[[ Supplied material, beginning ]]
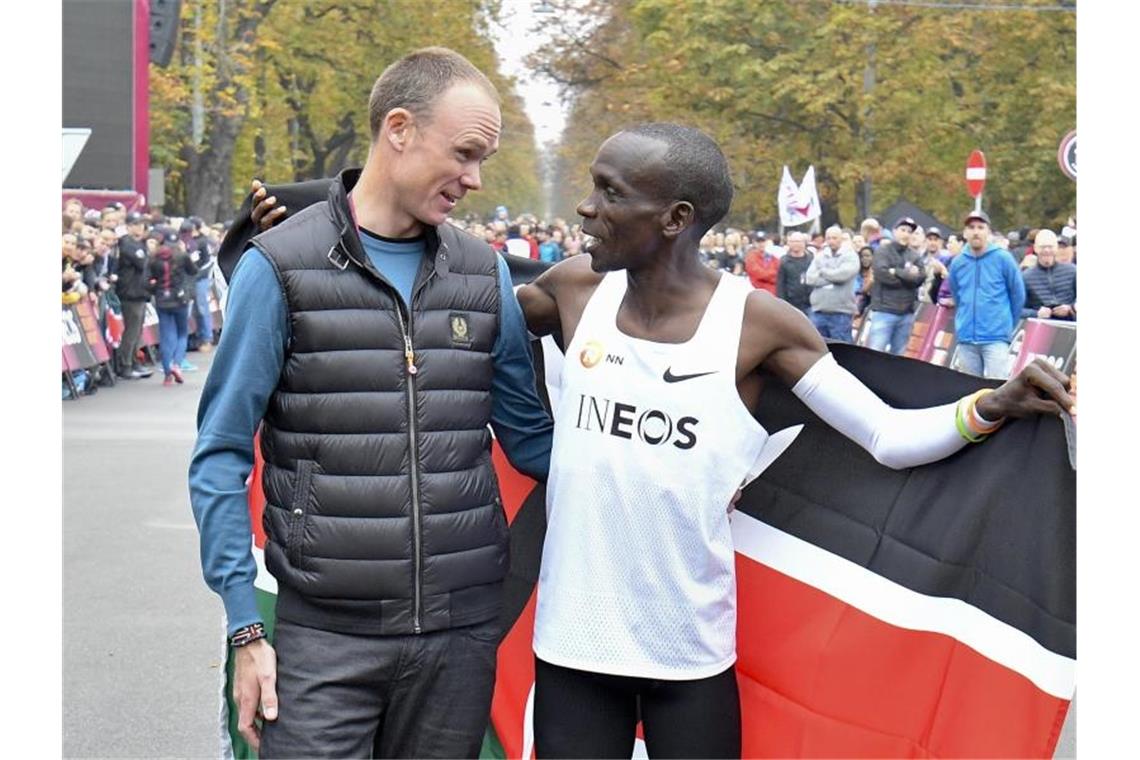 Radstar Chris Froome beglückwünscht Marathon-Weltrekordhalter Eliud Kipchoge in Wien direkt nach dem Zieleinlauf. Foto: Herbert Neubauer/APA/dpa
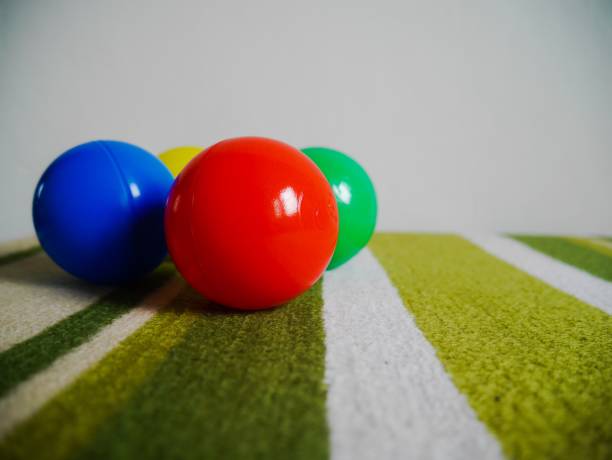 istock Group of multi colored plastic ball on green carpet 1131410590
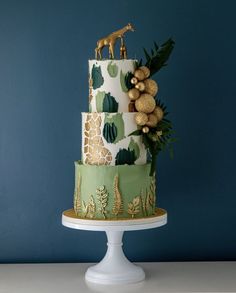 a three tiered cake decorated with giraffes and palm leaves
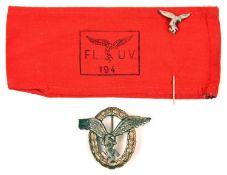 A Third Reich Pilot Observer’s badge, eagle and swastika silvered wreath gilt. A Luftwaffe tiepin;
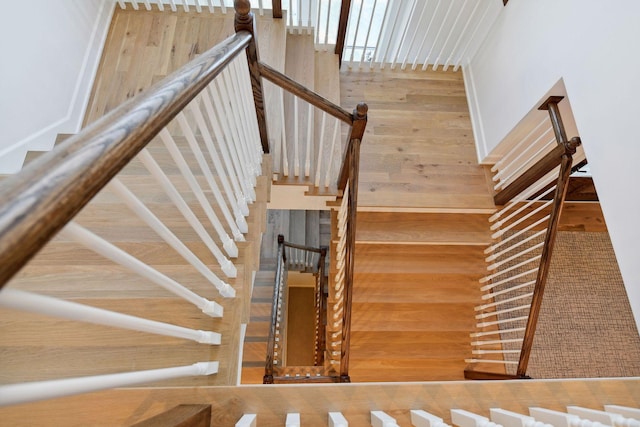 staircase featuring wood finished floors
[[ Supplied material, end ]]
## Assignment
Nothing but an exact transcription of the material, without pictures, should be returned.

## Expected answer
 Radstar Chris Froome beglückwünscht Marathon-Weltrekordhalter Eliud Kipchoge in Wien direkt nach dem Zieleinlauf. Foto: Herbert Neubauer/APA/dpa
 istock Group of multi colored plastic ball on green carpet 1131410590
 a three tiered cake decorated with giraffes and palm leaves
 A Third Reich Pilot Observer’s badge, eagle and swastika silvered wreath gilt. A Luftwaffe tiepin;
 staircase featuring wood finished floors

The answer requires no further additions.